=== What this task involves ===
From the line with "Hardees | restaurant" to the line with "MLS Image #1", retype each line exactly as it stands in the records below, but skip the pictures.

=== Record set ===

☆ ☆ ☆ ☆

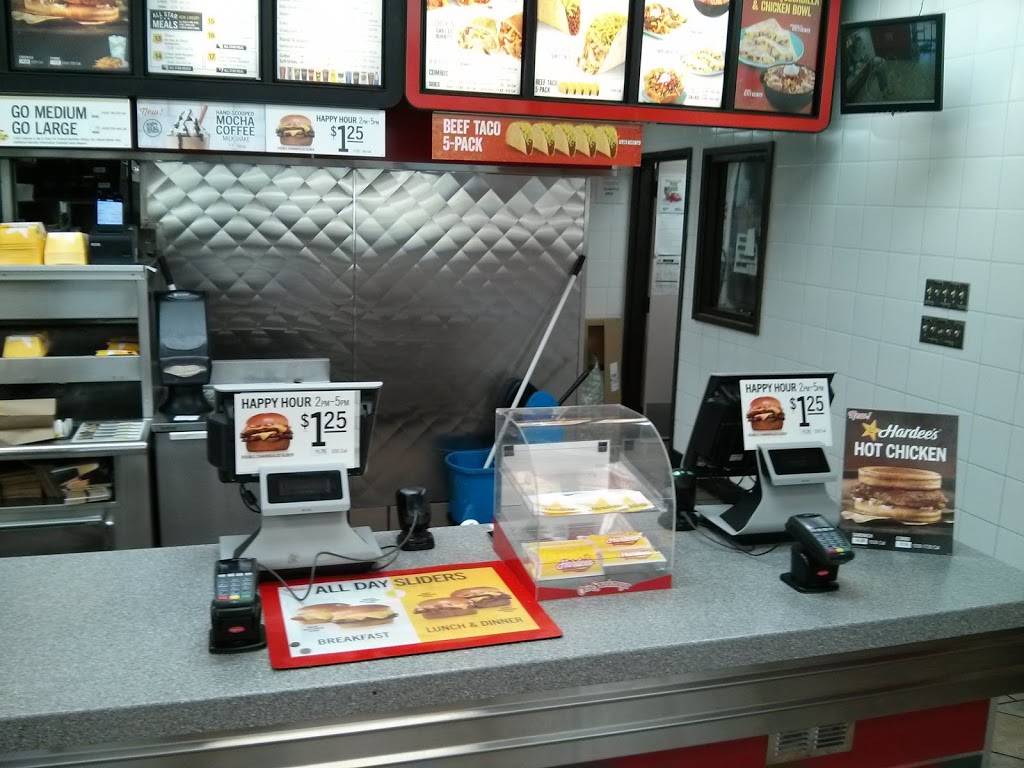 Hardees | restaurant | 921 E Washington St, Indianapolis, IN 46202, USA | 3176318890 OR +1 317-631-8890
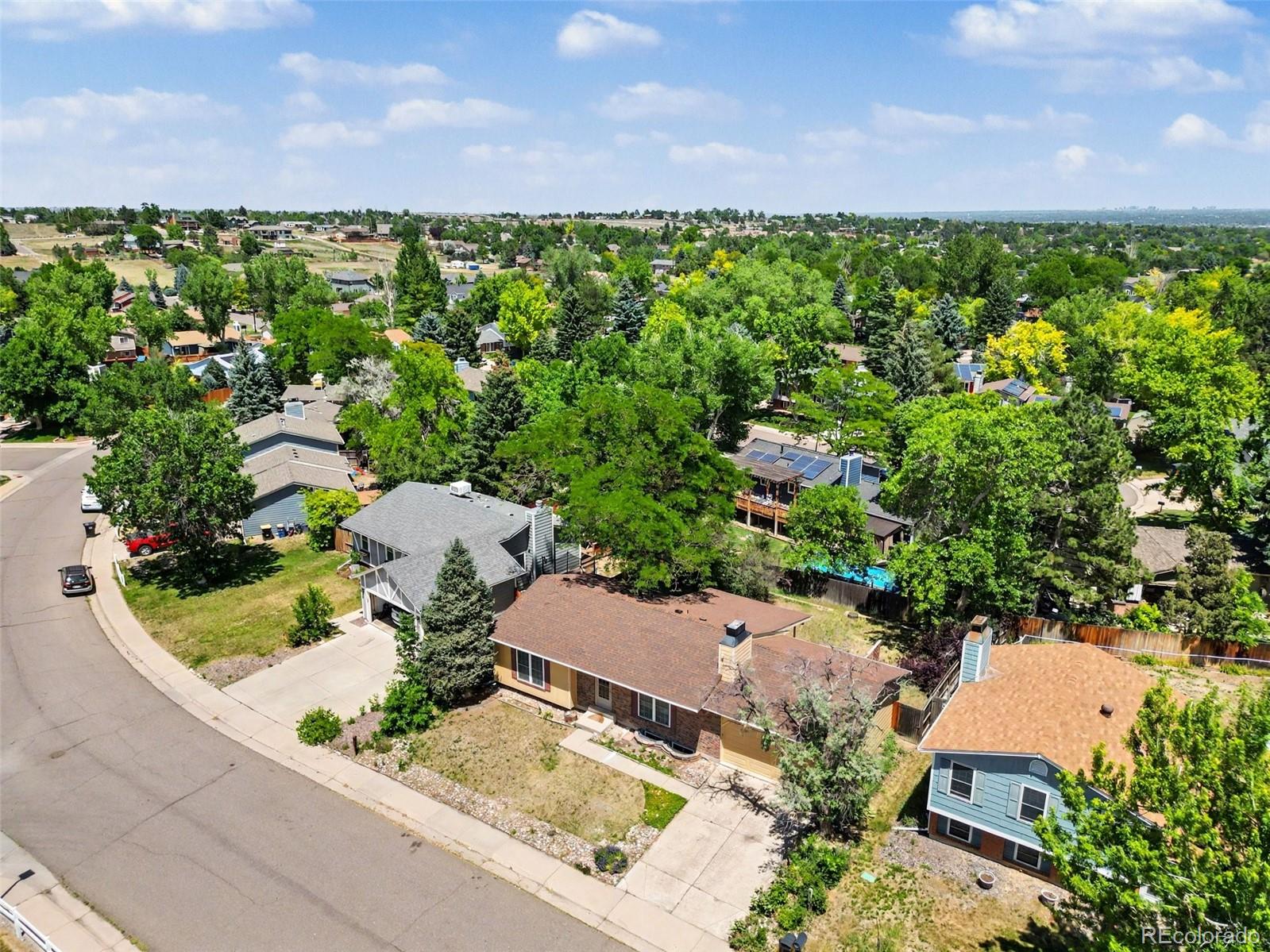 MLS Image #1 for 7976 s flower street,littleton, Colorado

☆ ☆ ☆ ☆

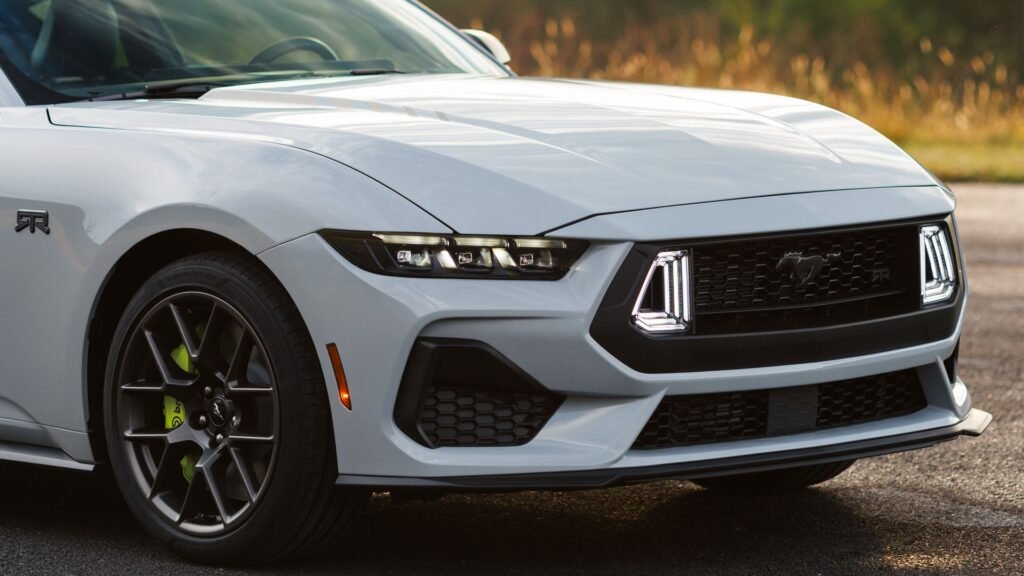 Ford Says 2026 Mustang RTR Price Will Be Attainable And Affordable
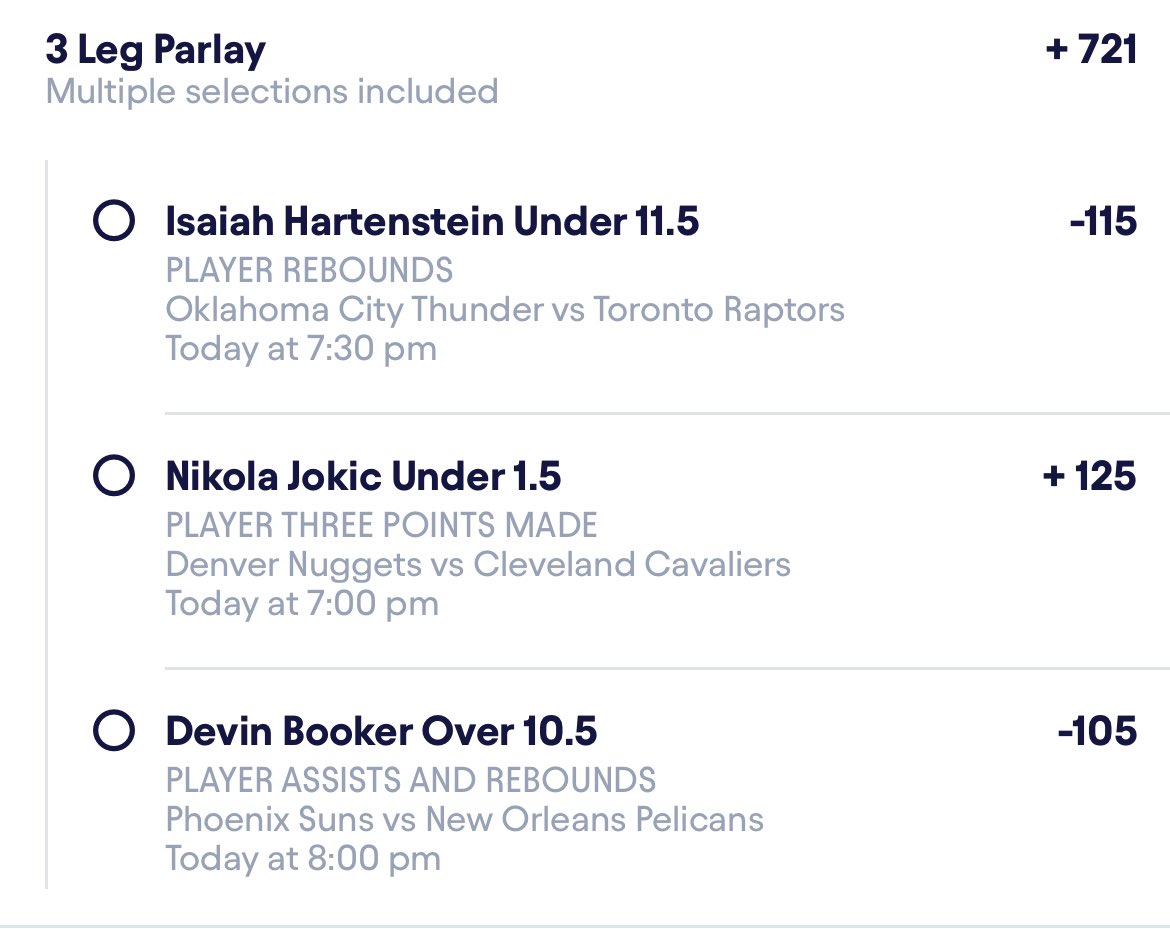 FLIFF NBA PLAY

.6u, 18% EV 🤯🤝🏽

☆ ☆ ☆ ☆

=== Task answer ===
 Hardees | restaurant | 921 E Washington St, Indianapolis, IN 46202, USA | 3176318890 OR +1 317-631-8890
 MLS Image #1 for 7976 s flower street,littleton, Colorado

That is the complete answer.